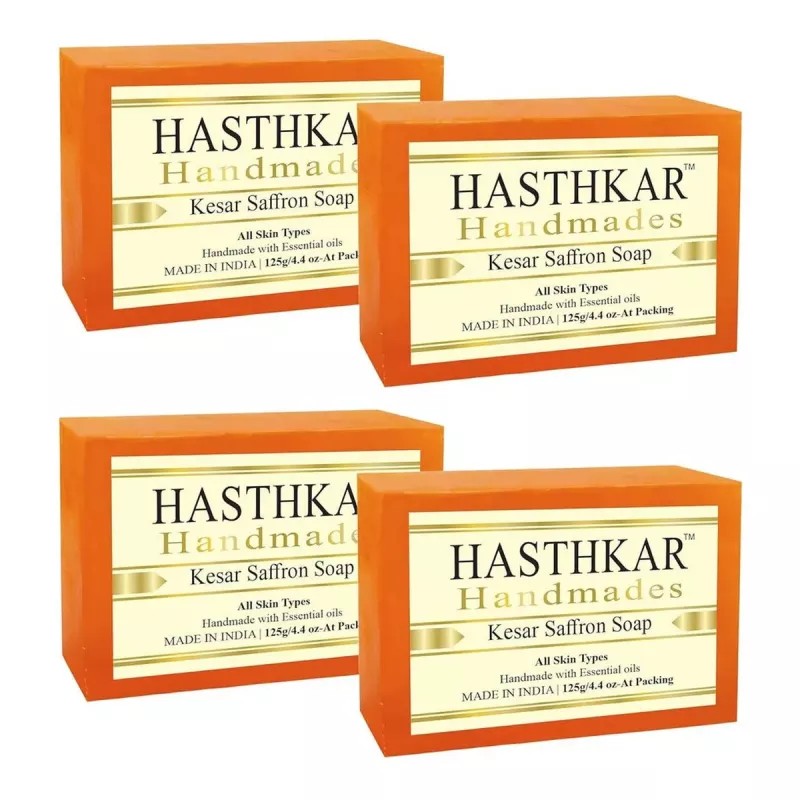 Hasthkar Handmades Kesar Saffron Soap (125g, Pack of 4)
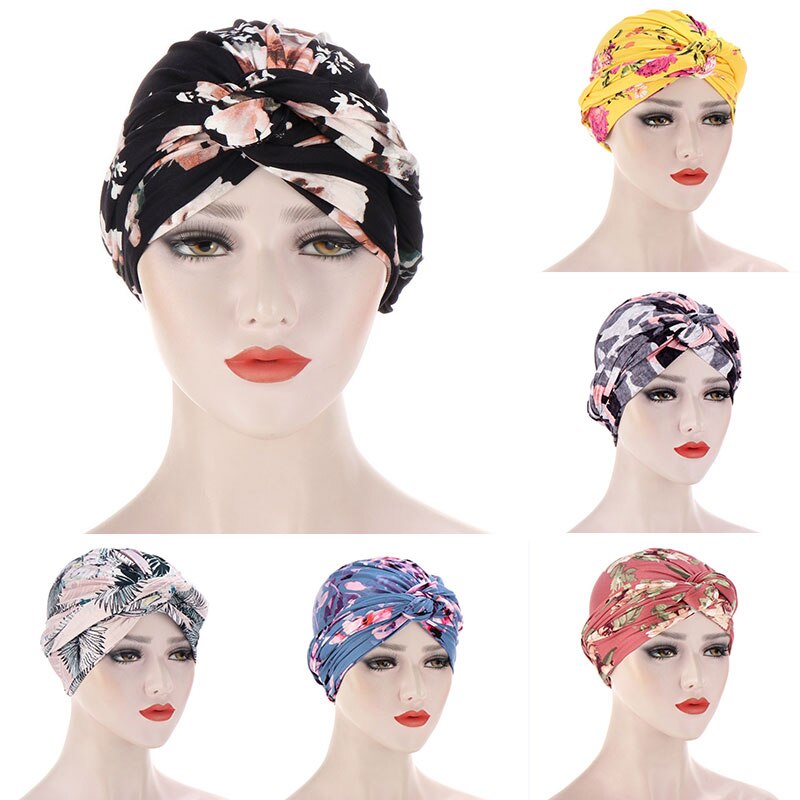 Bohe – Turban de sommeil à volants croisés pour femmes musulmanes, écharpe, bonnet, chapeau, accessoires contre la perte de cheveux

########

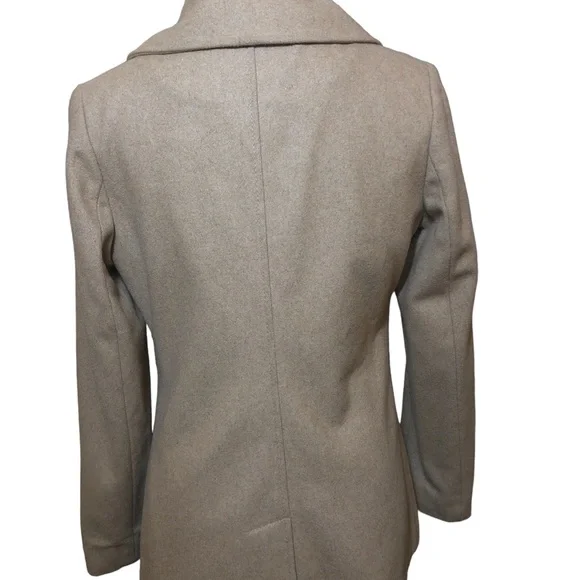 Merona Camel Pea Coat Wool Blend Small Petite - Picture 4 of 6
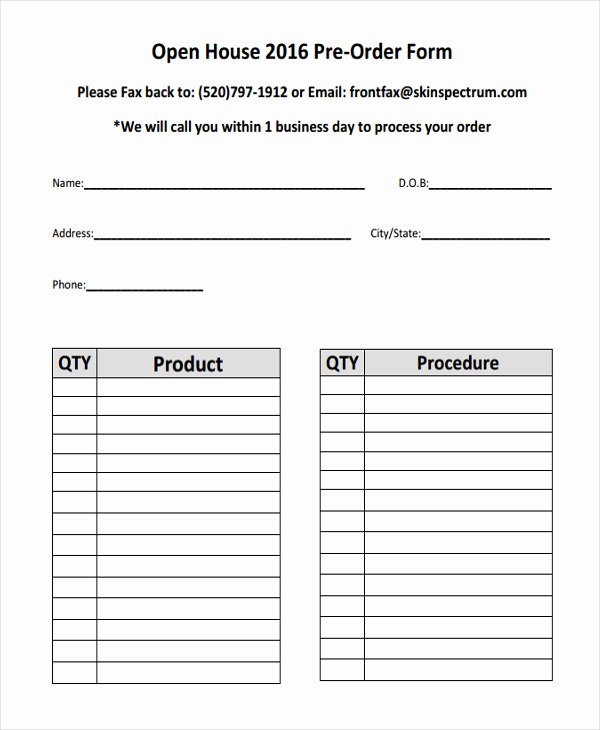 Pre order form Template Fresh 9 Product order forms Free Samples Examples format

########

*About this task*
Take the material above and output only the lines from the one that contains "Hasthkar Handmades Kesar" through the one that contains "Bohe – Turban", ends included and images left out.

*Task response*
 Hasthkar Handmades Kesar Saffron Soap (125g, Pack of 4)
 Bohe – Turban de sommeil à volants croisés pour femmes musulmanes, écharpe, bonnet, chapeau, accessoires contre la perte de cheveux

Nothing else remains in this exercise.